## Requirement
Start the copy at the line containing "在我们这个年龄中考满分作文" and run it through the last line of the records. Repeat each line exactly; omit pictures.

## Collected data
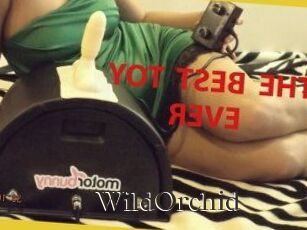 WildOrchid_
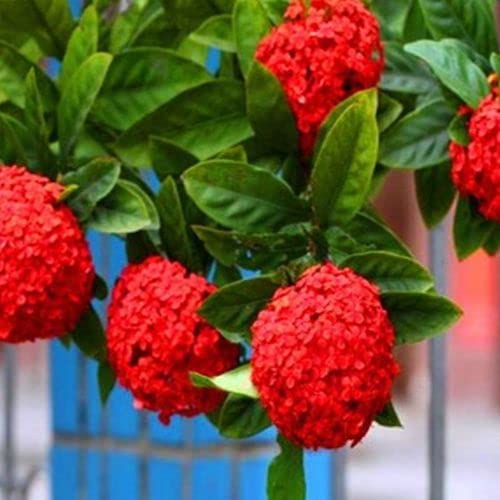 Red Hydrangea Paniculata Shrub Flower Live Plant - 18 inch Heigh...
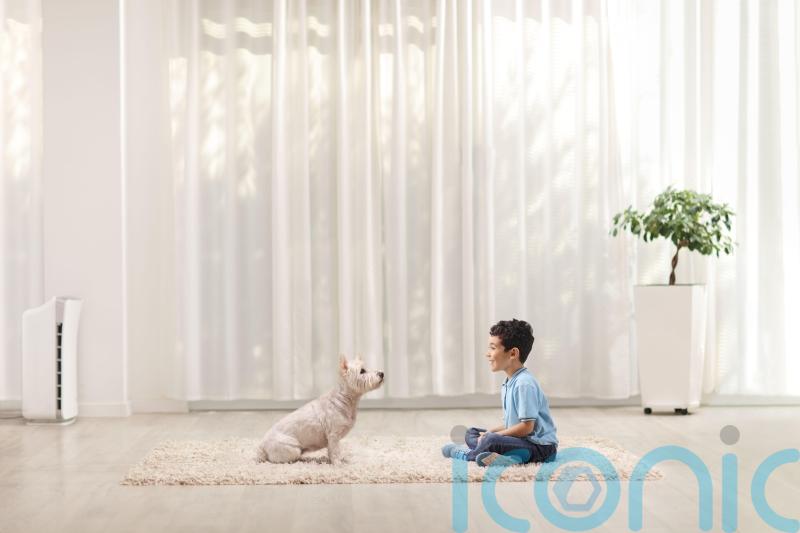 Children who grow up with dogs less likely to have asthma – study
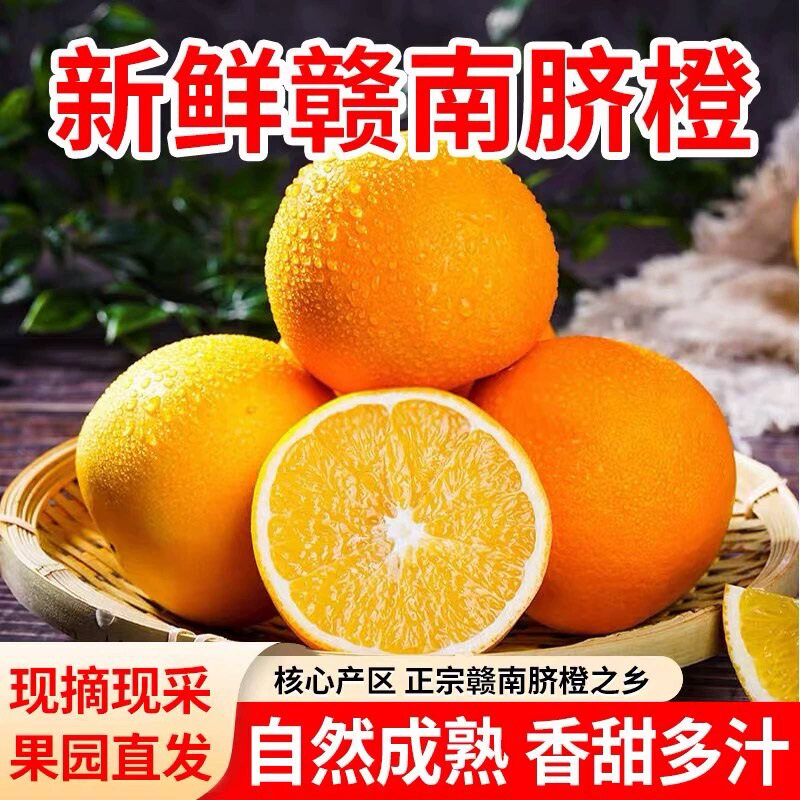 正宗赣南脐橙伦晚春橙新鲜水果现摘应季甜橙水果皮薄多汁赣州橙子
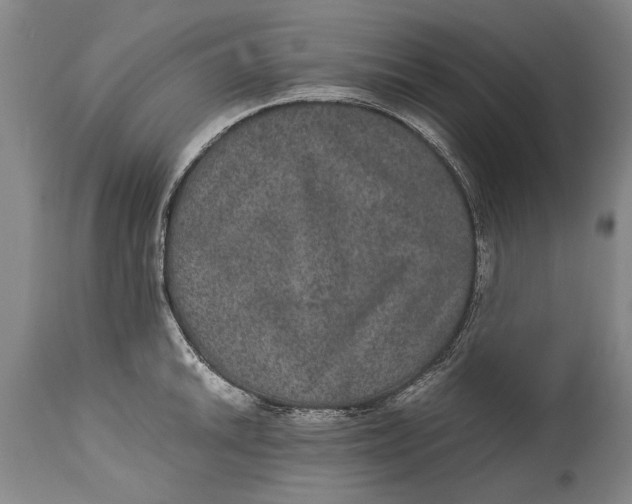 X0000115121046200911171323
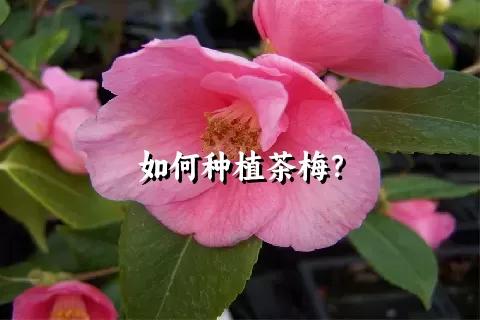 如何种植茶梅？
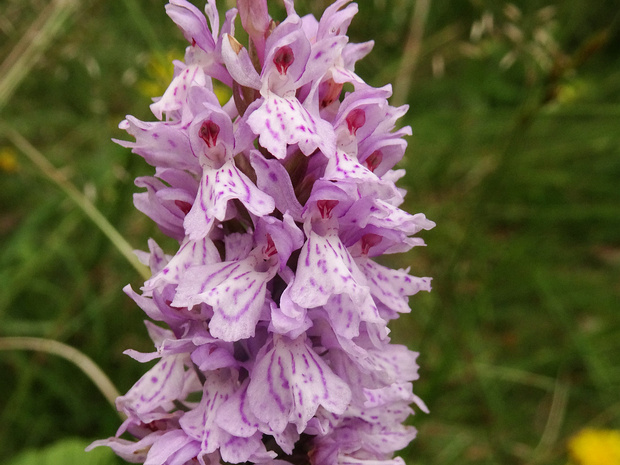 Пальчатокоренник пятнистый, крапчатый - Dactylorhiza maculata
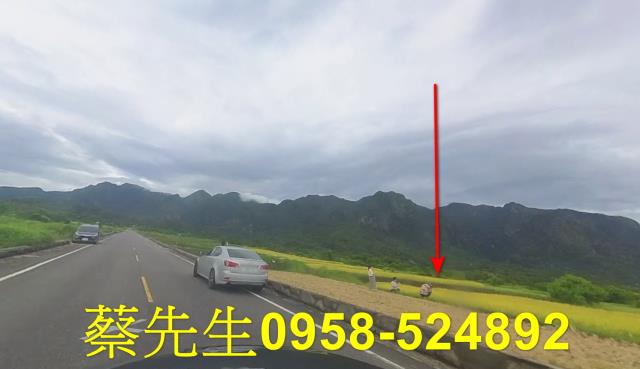 台東長濱農地拍賣-12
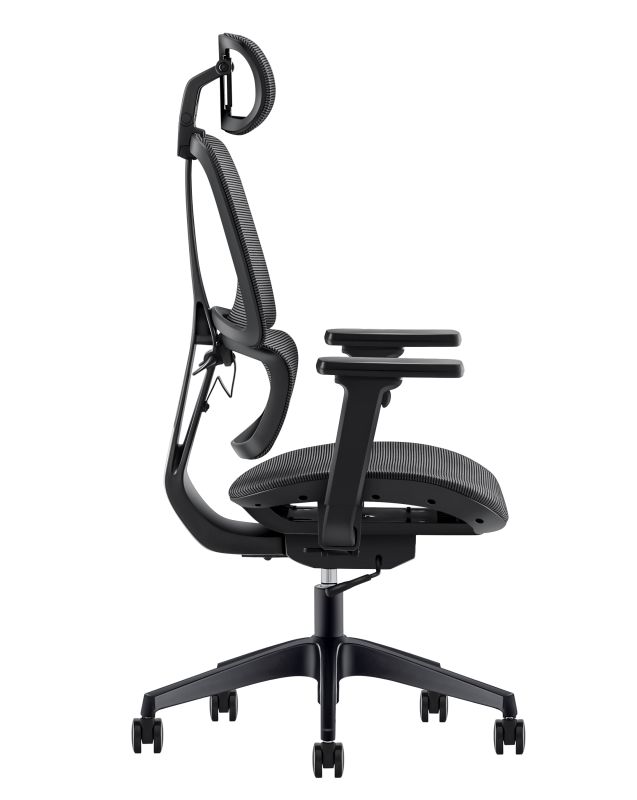 Ergonomic Chair TG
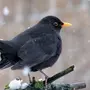 Черная птица с желтым клювом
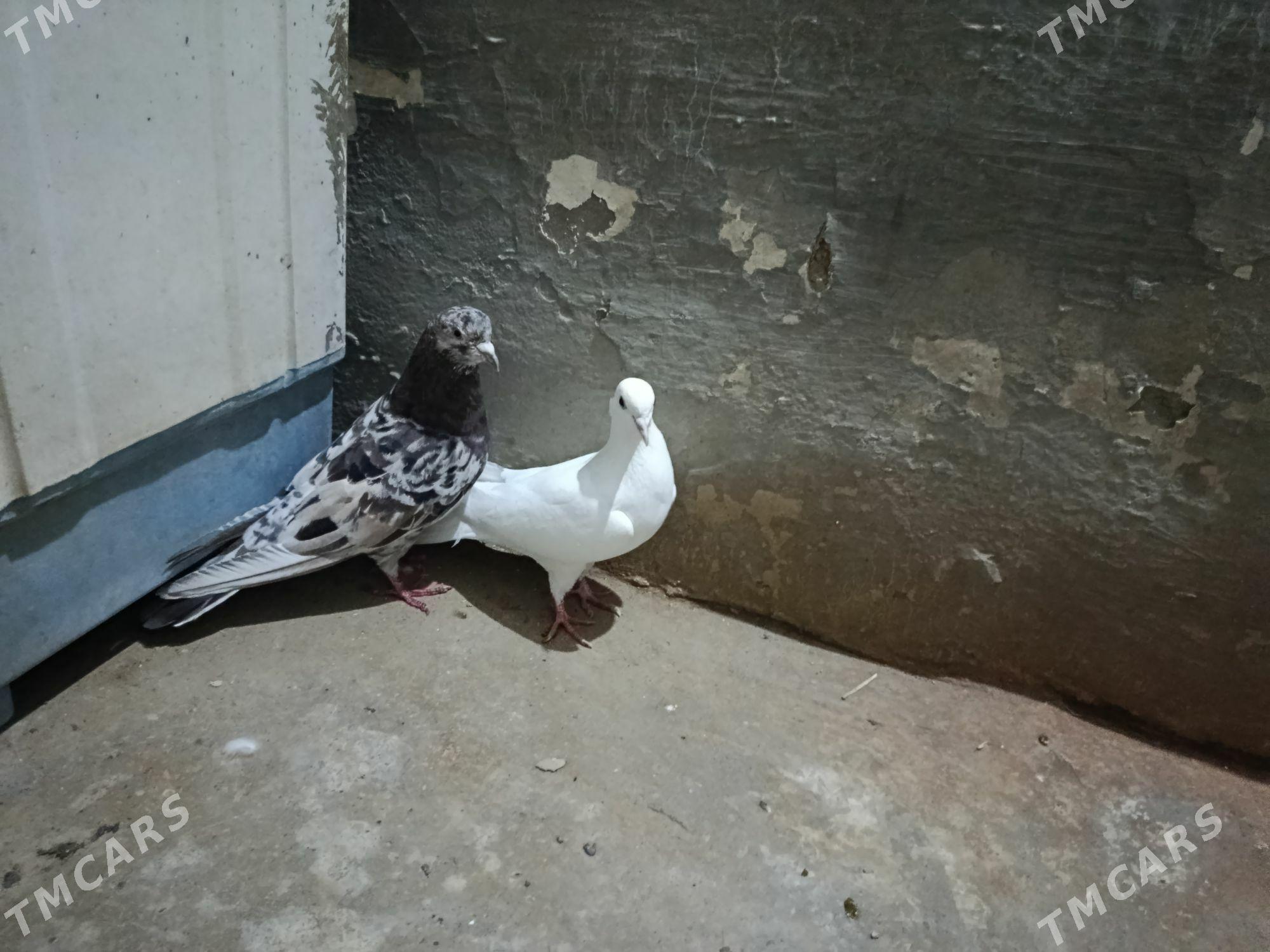 kepderi. - Gyzylarbat - img 1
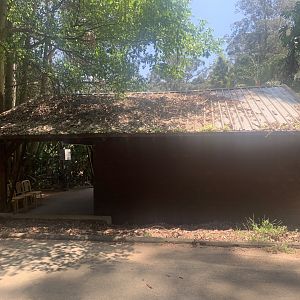 3rd (and 4th) Koala exhibits (think the least good ones, indoor ones that are quite small)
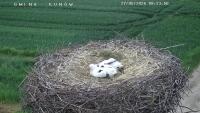 Storks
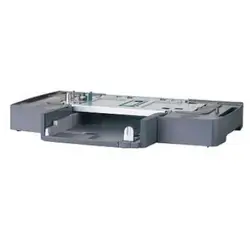 EPSON-C800321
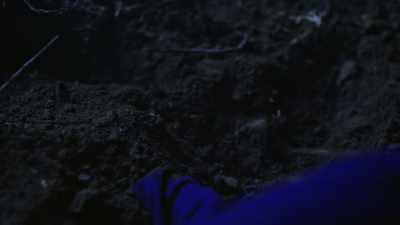 She might not have died
instantly from being strangled. - Buried In The Backyard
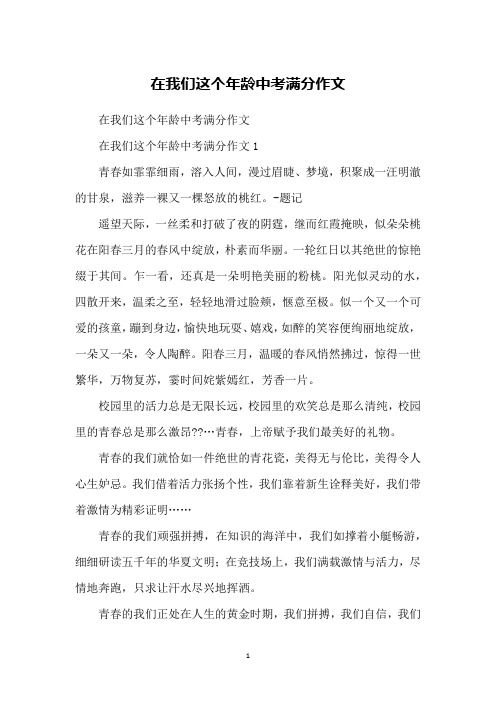 在我们这个年龄中考满分作文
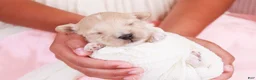 Maltipoo dogs for sale: Pippin - Ad 1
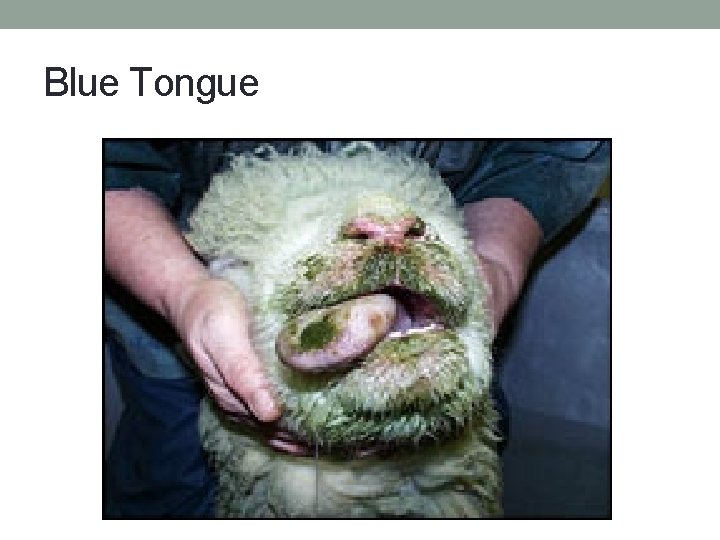 Blue Tongue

## Response area
 在我们这个年龄中考满分作文
 Maltipoo dogs for sale: Pippin - Ad 1
 Blue Tongue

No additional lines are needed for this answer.